FOOL: Addressing the Downlink Bottleneck in Satellite Computing with Neural Feature Compression
Alireza Furutanpey, Qiyang Zhang, Philipp Raith, Tobias Pfandzelter, Shangguang Wang, Schahram Dustdar
TL;DR
FOOL tackles the downlink bottleneck in LEO nanosatellite constellations by introducing a task-agnostic neural feature compression method that operates on shallow representations of foundational models. It combines Shallow Variational Bottleneck Injection with inter-tile dependencies and a context-aware encoding strategy, guided by a profiler to maximize throughput under intermittent links, while enabling a single encoder to support multiple backbones and predictors. The approach also includes a reconstruction pathway to map compressed features back to human-interpretable imagery, and the system is designed to operate within CubeSat-like hardware constraints with concurrent task execution. Empirical results show FOOL can boost downlinkable data by over 100x compared with bent-pipe baselines, achieve substantial bitrate reductions relative to SVBI, and provide competitive image-reconstruction quality at lower bitrates, underscoring a practical path for scalable Orbital Edge Computing in EO applications.
Abstract
Nanosatellite constellations equipped with sensors capturing large geographic regions provide unprecedented opportunities for Earth observation. As constellation sizes increase, network contention poses a downlink bottleneck.

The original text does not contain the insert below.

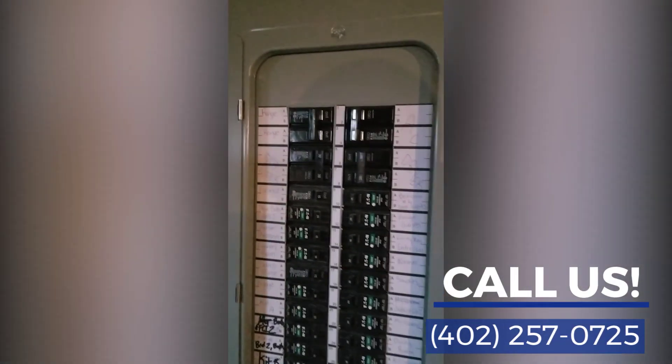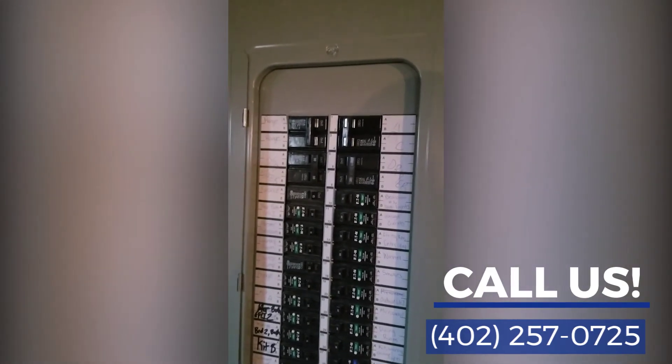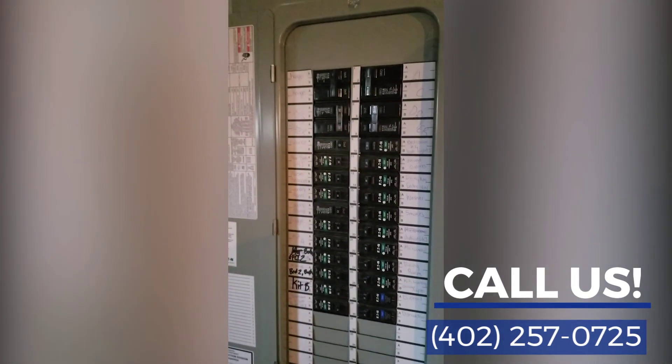Definitely a safety issue — not being able to turn off the power to an entire house with more than six throws or one main disconnect. So definitely recommend some further evaluation. Brent Zimmerman, Midlands Home Inspections, looking for you.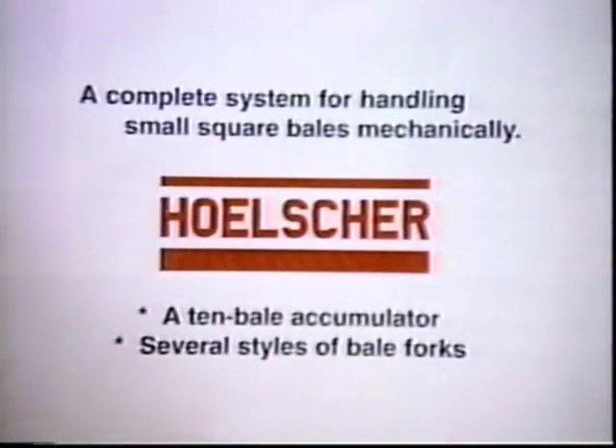Welcome to the Holster line of bale handling equipment. We have a complete system for grouping, loading, and stacking small square bales.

Orbital Edge Computing (OEC) leverages limited onboard compute resources to reduce transfer costs by processing the raw captures at the source. However, current solutions have limited practicability due to reliance on crude filtering methods or over-prioritizing particular downstream tasks. This work presents FOOL, an OEC-native and task-agnostic feature compression method that preserves prediction performance. FOOL partitions high-resolution satellite imagery to maximize throughput. Further, it embeds context and leverages inter-tile dependencies to lower transfer costs with negligible overhead. While FOOL is a feature compressor, it can recover images with competitive scores on quality measures at lower bitrates. We extensively evaluate transfer cost reduction by including the peculiarity of intermittently available network connections in low earth orbit. Lastly, we test the feasibility of our system for standardized nanosatellite form factors. We demonstrate that FOOL permits downlinking over 100x the data volume without relying on prior information on the downstream tasks.